What's New and Improved in Apache 2.0 on Windows?

What's New and Improved in Apache 2.0 on Windows?

May 2, 2002

In April, the Apache Software Foundation (ASF) released Apache 2.0.35 for Windows and with it a Microsoft System Installer (.msi) based binary distribution for all Windows versions from 95 through XP.

The ominous warnings for Windows users, such as, "Apache 1.3 is not yet optimized for performance ..." and "not as stable or secure as the Unix version" are gone. Outside testing labs have found Apache 2.0's performance to be comparable to Microsoft's IIS product. And Apache 2.0 has finally arrived as a viable alternative to IIS on the Windows operating system.

All this might leave you wondering just what changed in respect to Windows between Apache 1.3 and 2.0 development.

This article outlines three major changes made to Apache that affect the 'fringes' (i.e., those platforms other than Unix), especially as they relate to the Windows platform. The first is a split between the server and the request processing logic into a Multiple Process Module, or MPM. The second change is the breaking out of platform-specific code into the Apache Portability Runtime library, or APR. The third, and biggest, Windows-NT-specific change is the introduction of Unicode, or utf-8 encoded filenames.

The Multiple Process Module (MPM) does the work for each platform or architecture by distributing many requests for Web pages between processes, threads, and whatever other organizational units the MPM's author has designed. In Windows' case, the new "winnt" MPM introduced the concept of AcceptEx, which is the mechanism used by MS's own IIS server.

AcceptEx is a huge optimization win, because this one TCP/IP socket call:

  1. Accepts one connection to the server
  2. Discovers the addresses of the client and this server
  3. Collects the first part of the request (including some or all of the request headers and POST data)

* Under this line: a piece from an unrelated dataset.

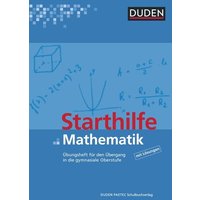 Starthilfe Mathematik. Übungsheft von Duden Schulbuch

This all happens before Apache 2.0 even finds out the request is pending, and the answers to all of the questions Apache must ask are returned with a single query, improving the initial response time to make it more than ten times faster than Apache 1.3.

Apache 2.0's "winnt" MPM is a threaded architecture, just as Apache version 1.3 for Windows is. However, threaded MPMs on Unix are new to Apache 2.0. This means _all_ module authors must now pay attention to "thread safety," an issue neglected by some Apache 1.3 module authors (who were principally or only interested in Unix).

In the past, when one attempted to build such modules on Windows, the modules might crash and burn, or simply show obscure bugs that Unix users could not reproduce. Even mod_rewrite and other core modules contained latent bugs related to threading. Modperl would serve only one request in Apache 1.3 because it was designed for multiple processes, rather than threads. Now that everyone is playing by the same rulebook, Apache 2.0 modules are for the most part of similar quality on Unix and Windows.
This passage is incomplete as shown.